[Your goal] Scan the material that follows. Copy every line containing the word "surfing".

** Input records follows **

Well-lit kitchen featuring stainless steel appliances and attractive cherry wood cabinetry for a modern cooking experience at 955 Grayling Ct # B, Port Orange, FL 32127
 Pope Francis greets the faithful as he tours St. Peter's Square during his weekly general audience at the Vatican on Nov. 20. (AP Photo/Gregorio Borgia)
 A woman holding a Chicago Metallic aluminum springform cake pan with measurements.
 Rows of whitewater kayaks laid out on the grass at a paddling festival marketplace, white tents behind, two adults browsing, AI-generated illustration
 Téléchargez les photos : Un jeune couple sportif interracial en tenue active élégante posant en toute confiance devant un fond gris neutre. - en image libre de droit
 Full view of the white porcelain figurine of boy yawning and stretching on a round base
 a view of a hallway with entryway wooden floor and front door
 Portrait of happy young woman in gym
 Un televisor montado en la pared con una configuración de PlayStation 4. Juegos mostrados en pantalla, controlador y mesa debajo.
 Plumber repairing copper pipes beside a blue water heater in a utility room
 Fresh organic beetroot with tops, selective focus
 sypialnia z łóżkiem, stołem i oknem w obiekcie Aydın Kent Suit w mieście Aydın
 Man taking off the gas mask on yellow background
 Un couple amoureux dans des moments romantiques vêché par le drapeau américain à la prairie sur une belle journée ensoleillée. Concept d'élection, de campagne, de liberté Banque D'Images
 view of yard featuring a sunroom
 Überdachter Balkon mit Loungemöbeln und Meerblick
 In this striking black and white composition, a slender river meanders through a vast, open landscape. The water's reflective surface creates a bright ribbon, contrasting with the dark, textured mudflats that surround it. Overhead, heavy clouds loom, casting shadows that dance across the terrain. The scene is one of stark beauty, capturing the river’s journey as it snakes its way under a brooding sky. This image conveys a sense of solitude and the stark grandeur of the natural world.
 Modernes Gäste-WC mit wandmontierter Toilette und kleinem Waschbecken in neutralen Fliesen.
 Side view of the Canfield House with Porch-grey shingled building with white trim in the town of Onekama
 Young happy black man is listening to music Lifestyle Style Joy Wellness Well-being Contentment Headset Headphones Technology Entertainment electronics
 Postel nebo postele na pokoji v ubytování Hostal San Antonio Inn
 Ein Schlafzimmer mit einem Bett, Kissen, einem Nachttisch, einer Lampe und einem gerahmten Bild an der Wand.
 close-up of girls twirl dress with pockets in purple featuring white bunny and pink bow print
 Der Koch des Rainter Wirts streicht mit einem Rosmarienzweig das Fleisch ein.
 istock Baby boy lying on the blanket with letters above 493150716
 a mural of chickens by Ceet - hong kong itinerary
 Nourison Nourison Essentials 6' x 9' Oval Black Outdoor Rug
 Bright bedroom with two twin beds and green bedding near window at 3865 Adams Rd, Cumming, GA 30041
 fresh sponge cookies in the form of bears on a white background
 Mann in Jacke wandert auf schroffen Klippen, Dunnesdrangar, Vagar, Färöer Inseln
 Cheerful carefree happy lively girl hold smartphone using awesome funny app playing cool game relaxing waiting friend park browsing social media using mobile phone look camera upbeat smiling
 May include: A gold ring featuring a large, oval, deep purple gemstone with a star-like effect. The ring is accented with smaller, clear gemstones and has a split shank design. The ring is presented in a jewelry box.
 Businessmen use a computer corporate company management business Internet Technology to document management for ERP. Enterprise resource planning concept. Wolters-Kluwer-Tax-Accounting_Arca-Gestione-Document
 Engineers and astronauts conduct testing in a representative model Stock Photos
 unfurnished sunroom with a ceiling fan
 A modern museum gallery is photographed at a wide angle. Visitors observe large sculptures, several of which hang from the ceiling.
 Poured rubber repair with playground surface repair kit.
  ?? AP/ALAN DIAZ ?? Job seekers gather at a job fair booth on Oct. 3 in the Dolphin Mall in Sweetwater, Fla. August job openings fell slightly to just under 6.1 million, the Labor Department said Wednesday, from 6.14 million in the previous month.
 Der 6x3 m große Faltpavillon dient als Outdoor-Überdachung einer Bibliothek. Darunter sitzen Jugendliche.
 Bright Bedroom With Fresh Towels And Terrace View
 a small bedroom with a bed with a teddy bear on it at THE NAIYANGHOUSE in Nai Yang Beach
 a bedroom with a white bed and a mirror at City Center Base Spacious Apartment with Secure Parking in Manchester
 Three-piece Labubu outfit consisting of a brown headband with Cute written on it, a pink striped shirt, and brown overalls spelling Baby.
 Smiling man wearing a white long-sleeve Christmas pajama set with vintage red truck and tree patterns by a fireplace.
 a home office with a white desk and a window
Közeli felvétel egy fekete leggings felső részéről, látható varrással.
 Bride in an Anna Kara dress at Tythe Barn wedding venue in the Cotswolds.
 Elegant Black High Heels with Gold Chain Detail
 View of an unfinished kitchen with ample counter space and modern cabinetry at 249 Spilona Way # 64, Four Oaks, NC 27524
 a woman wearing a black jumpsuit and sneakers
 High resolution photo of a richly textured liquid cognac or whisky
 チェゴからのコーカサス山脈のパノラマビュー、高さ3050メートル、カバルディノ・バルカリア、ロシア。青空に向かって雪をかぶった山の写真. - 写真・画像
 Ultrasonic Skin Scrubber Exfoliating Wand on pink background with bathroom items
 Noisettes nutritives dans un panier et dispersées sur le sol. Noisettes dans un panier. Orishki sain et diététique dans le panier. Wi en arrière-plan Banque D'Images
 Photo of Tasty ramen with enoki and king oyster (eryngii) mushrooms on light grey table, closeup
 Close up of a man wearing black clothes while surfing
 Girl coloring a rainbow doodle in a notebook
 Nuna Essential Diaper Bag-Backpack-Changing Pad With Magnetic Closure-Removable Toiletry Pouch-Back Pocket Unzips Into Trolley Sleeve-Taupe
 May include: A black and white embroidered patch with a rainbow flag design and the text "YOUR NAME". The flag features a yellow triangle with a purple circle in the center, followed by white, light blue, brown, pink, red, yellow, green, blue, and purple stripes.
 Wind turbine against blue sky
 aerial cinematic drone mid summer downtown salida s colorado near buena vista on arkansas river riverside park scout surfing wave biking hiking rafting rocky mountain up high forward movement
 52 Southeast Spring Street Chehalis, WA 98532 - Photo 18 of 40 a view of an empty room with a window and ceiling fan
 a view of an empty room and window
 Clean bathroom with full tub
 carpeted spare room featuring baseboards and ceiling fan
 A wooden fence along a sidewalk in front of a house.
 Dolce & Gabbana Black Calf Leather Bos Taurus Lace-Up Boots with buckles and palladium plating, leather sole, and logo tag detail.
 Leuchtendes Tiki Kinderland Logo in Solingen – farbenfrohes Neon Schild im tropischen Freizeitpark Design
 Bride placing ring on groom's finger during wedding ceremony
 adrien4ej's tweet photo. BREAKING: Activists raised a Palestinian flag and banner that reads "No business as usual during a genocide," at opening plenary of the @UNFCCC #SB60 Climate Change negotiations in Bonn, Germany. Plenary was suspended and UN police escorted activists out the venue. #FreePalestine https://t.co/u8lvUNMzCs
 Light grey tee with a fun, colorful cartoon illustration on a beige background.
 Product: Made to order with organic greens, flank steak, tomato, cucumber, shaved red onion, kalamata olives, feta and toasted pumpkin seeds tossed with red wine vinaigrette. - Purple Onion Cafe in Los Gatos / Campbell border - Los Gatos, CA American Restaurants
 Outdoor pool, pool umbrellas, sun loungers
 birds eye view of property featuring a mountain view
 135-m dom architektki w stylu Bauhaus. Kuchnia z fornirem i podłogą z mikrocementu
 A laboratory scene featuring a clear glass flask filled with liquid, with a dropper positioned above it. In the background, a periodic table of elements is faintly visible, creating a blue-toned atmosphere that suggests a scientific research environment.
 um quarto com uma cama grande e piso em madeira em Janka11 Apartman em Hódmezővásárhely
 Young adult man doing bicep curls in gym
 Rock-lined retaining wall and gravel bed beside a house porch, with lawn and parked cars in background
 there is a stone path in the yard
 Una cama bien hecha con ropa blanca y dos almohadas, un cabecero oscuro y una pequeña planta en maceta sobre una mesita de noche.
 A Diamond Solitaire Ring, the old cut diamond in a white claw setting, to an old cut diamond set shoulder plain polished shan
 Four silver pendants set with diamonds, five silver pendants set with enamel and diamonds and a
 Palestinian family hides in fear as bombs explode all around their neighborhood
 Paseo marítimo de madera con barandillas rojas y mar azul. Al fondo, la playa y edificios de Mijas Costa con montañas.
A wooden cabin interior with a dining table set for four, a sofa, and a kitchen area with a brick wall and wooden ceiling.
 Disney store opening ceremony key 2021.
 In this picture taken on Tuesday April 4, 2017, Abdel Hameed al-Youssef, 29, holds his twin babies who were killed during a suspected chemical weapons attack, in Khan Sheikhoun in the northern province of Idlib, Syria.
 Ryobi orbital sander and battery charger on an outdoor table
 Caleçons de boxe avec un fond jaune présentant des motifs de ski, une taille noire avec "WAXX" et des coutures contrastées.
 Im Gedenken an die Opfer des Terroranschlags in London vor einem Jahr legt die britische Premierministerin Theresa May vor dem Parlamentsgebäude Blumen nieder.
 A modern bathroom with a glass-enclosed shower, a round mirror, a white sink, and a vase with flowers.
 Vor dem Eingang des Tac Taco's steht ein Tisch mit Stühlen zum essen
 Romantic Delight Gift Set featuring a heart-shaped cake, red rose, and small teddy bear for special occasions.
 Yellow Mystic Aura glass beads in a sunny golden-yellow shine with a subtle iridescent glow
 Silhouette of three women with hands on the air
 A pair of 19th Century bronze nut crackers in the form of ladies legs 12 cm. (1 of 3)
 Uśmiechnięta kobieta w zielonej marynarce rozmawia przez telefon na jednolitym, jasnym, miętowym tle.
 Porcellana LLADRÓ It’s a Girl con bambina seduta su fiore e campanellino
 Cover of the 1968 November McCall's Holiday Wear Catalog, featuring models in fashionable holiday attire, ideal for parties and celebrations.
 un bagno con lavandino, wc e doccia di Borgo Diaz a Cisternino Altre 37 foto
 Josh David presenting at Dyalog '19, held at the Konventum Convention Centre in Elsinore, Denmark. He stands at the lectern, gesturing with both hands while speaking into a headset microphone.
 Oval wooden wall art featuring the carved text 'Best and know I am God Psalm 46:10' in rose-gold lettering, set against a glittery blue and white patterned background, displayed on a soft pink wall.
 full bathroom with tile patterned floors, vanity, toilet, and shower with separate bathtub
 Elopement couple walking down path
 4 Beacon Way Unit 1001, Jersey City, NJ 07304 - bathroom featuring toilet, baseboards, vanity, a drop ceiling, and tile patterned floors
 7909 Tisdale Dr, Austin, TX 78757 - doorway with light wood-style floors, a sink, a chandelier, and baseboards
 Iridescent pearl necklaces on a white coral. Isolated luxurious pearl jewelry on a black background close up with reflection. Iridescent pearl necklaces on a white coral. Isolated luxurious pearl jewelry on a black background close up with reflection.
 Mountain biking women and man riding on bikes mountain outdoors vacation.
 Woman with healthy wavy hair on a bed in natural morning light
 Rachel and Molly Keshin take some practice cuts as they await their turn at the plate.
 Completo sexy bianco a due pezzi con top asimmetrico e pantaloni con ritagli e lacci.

** End of Input records **

[Answer to this task]
 Close up of a man wearing black clothes while surfing
 aerial cinematic drone mid summer downtown salida s colorado near buena vista on arkansas river riverside park scout surfing wave biking hiking rafting rocky mountain up high forward movement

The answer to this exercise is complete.